*EXERCISE PROMPT*: Begin at the top of the records below and print each line exactly until the line containing "Céntrico apartamento en" has been printed; any pictures are to be left out.

*Stored items*:
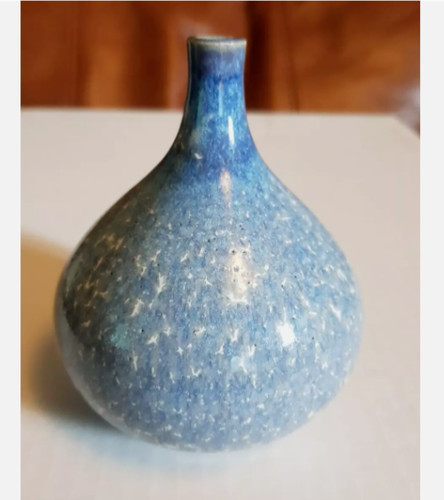 Alan white dartington - alan, pottery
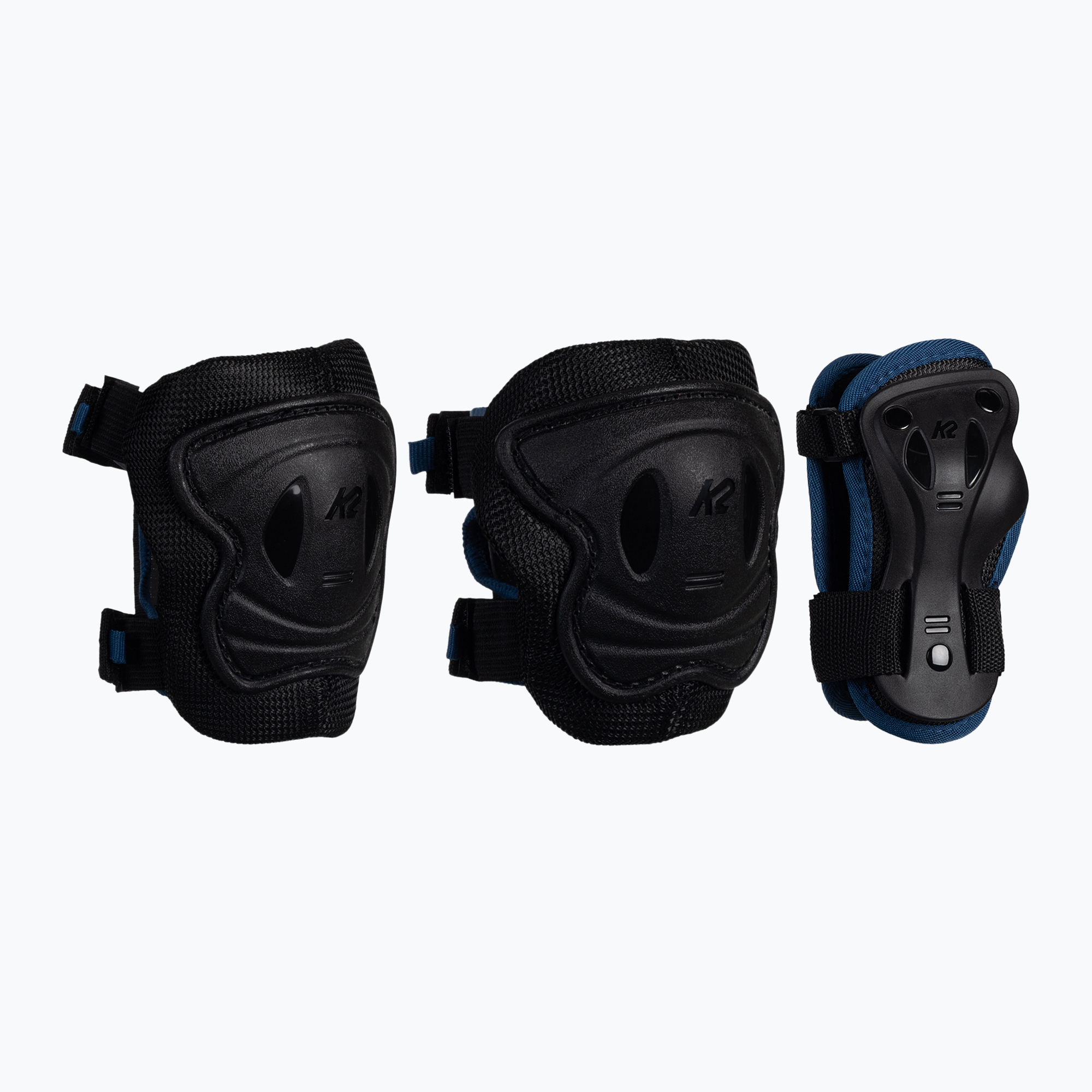 K2 Raider Pro Pad children's pad set black 30E1400/11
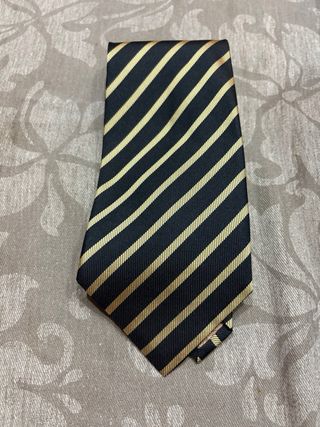 Lote 5 Corbatas Seda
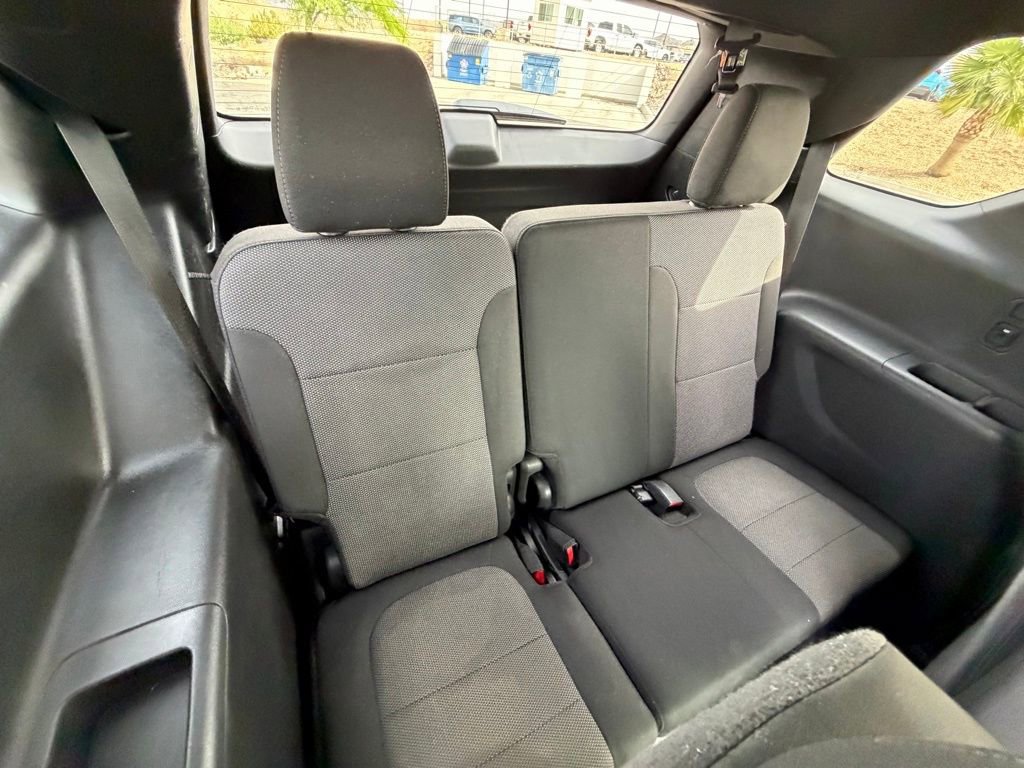 Certified 2023 Chevrolet Traverse LT image 20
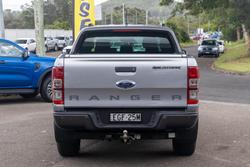 2020 Ford Ranger Wildtrak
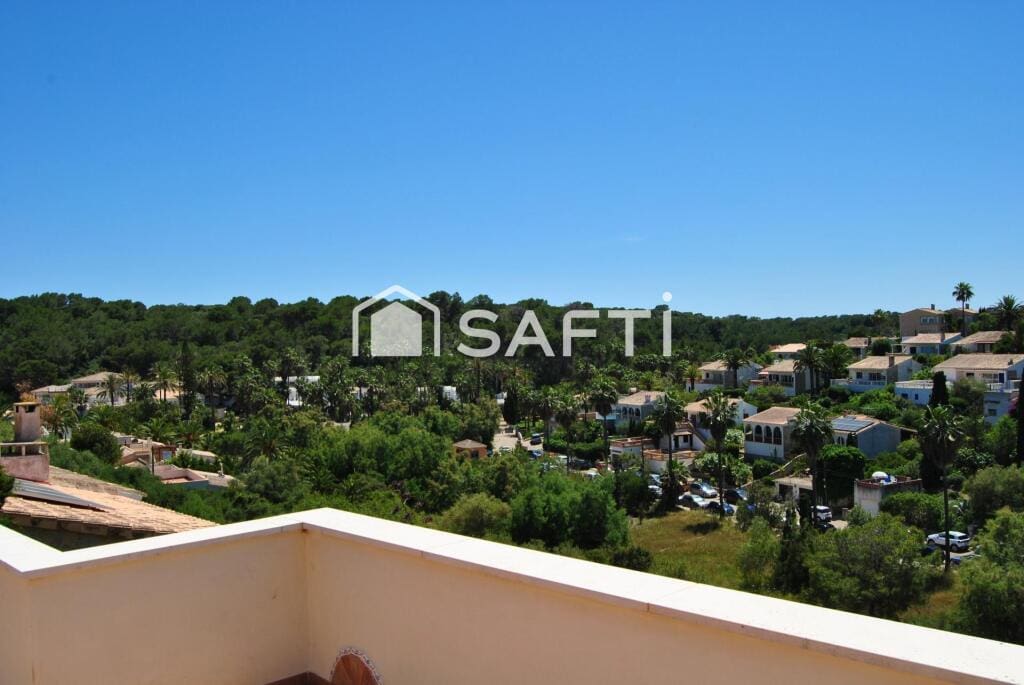 Casa-Chalet Manacor - 1232775-03
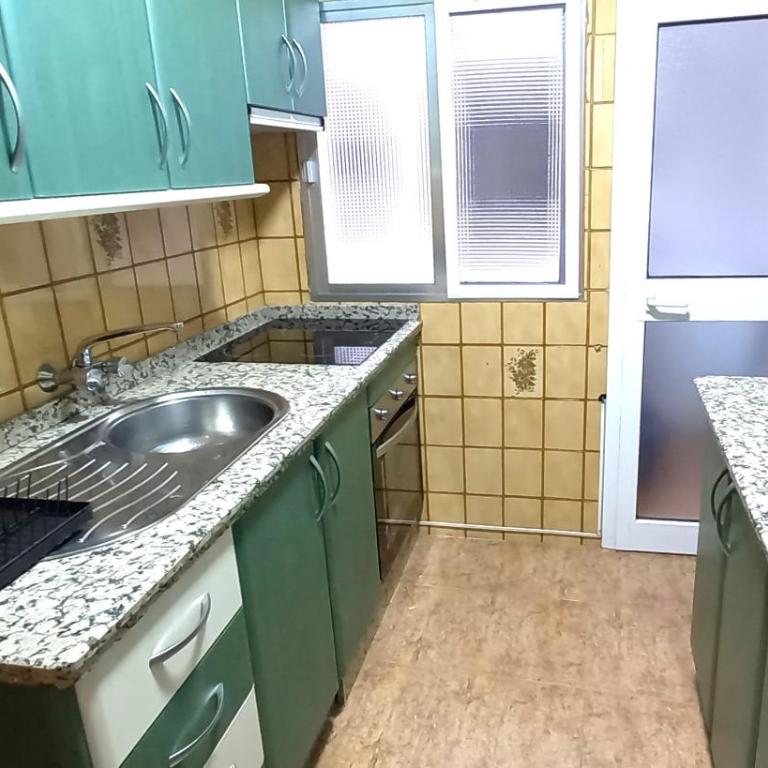 Céntrico apartamento en Córdoba by beBalmy - Apartamento de 3 dormitorios - 16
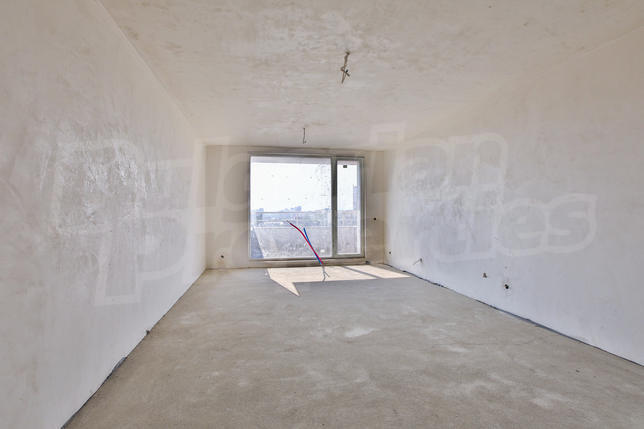 Apartment with easy access to the metro station in Lyulin 2 Apartment with easy access to the metro station in Lyulin 2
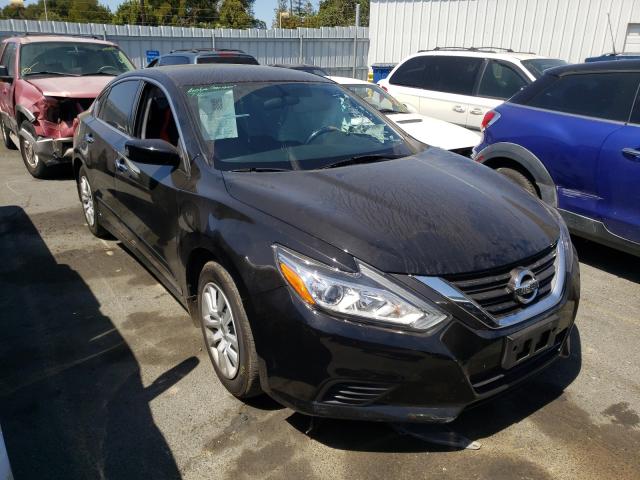 NISSAN ALTIMA 2.5 2017 1n4al3ap8hn311110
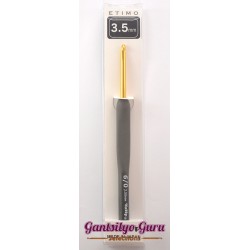 Tulip Etimo Crochet Hook 3.5MM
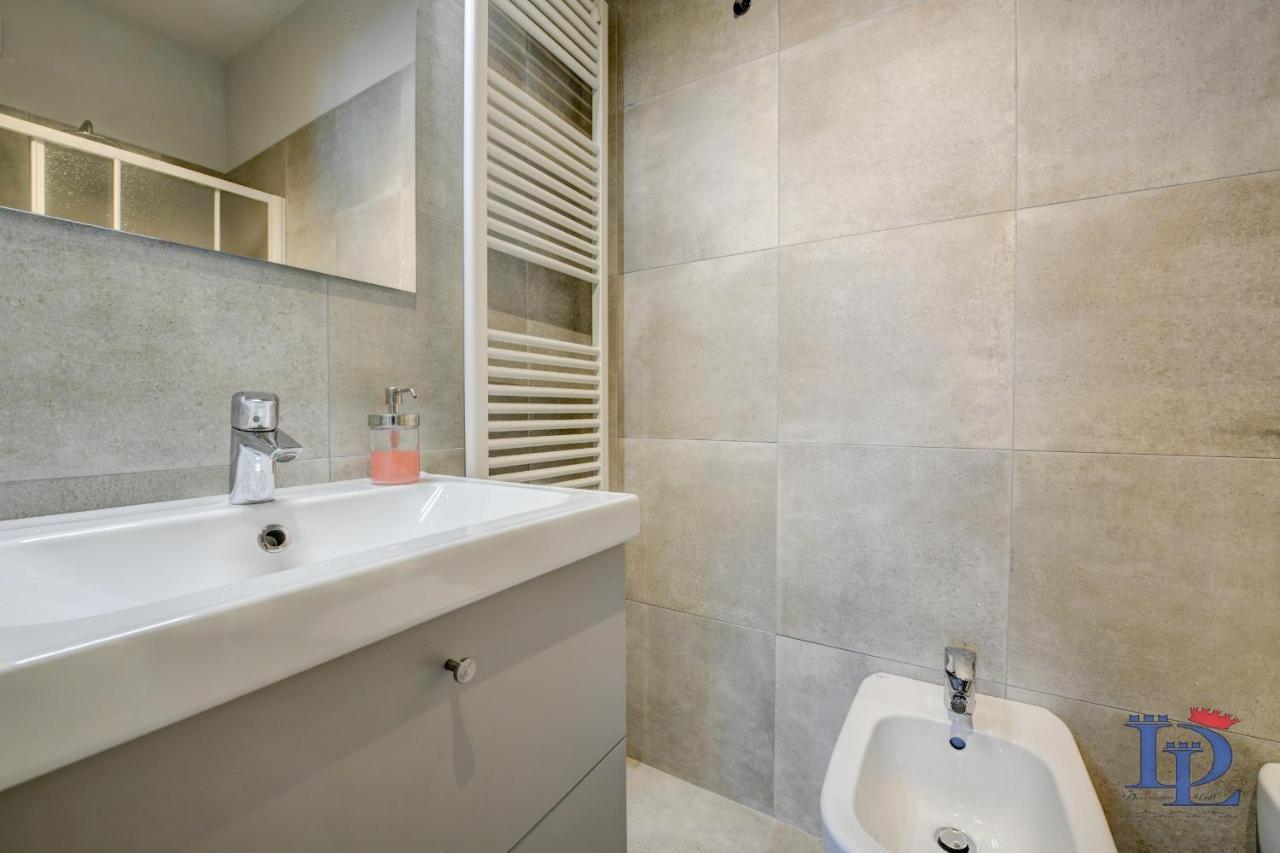 Desenzanoloft Official Partner Marriott Homes & Villas - Bacco Family Apartment Ντεζεντσάνο ντελ Γκάρντα Εξωτερικό φωτογραφία
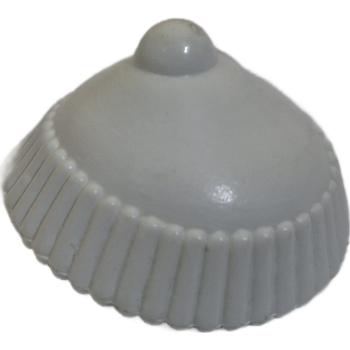 Playmobil ® 30031850 Wollmütze weiß gebraucht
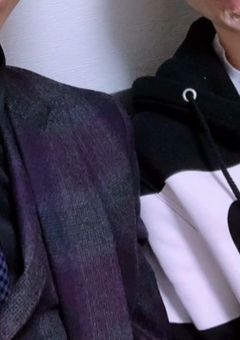 マンネリカップル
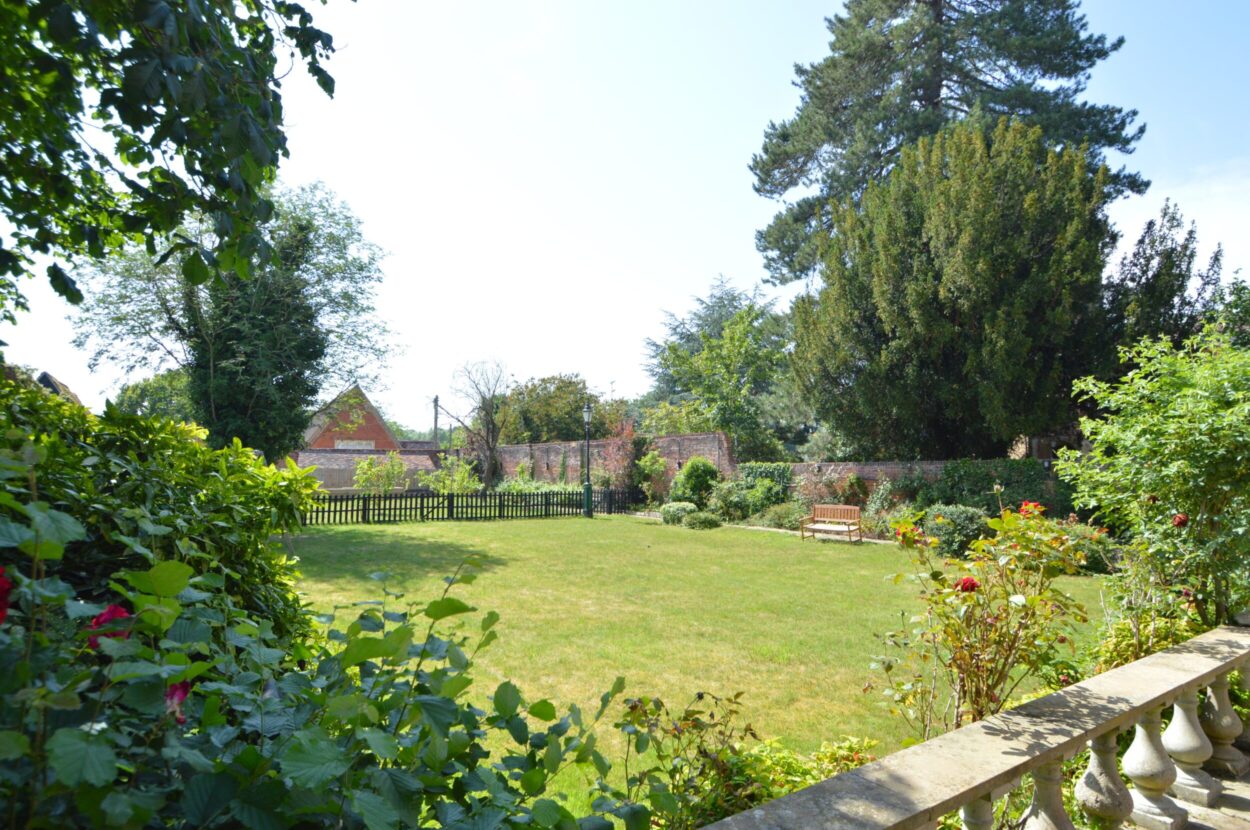 Castle Hedingham, Halstead, Essex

*ANSWER SPACE*:
 Alan white dartington - alan, pottery
 K2 Raider Pro Pad children's pad set black 30E1400/11
 Lote 5 Corbatas Seda
 Certified 2023 Chevrolet Traverse LT image 20
 2020 Ford Ranger Wildtrak
 Casa-Chalet Manacor - 1232775-03
 Céntrico apartamento en Córdoba by beBalmy - Apartamento de 3 dormitorios - 16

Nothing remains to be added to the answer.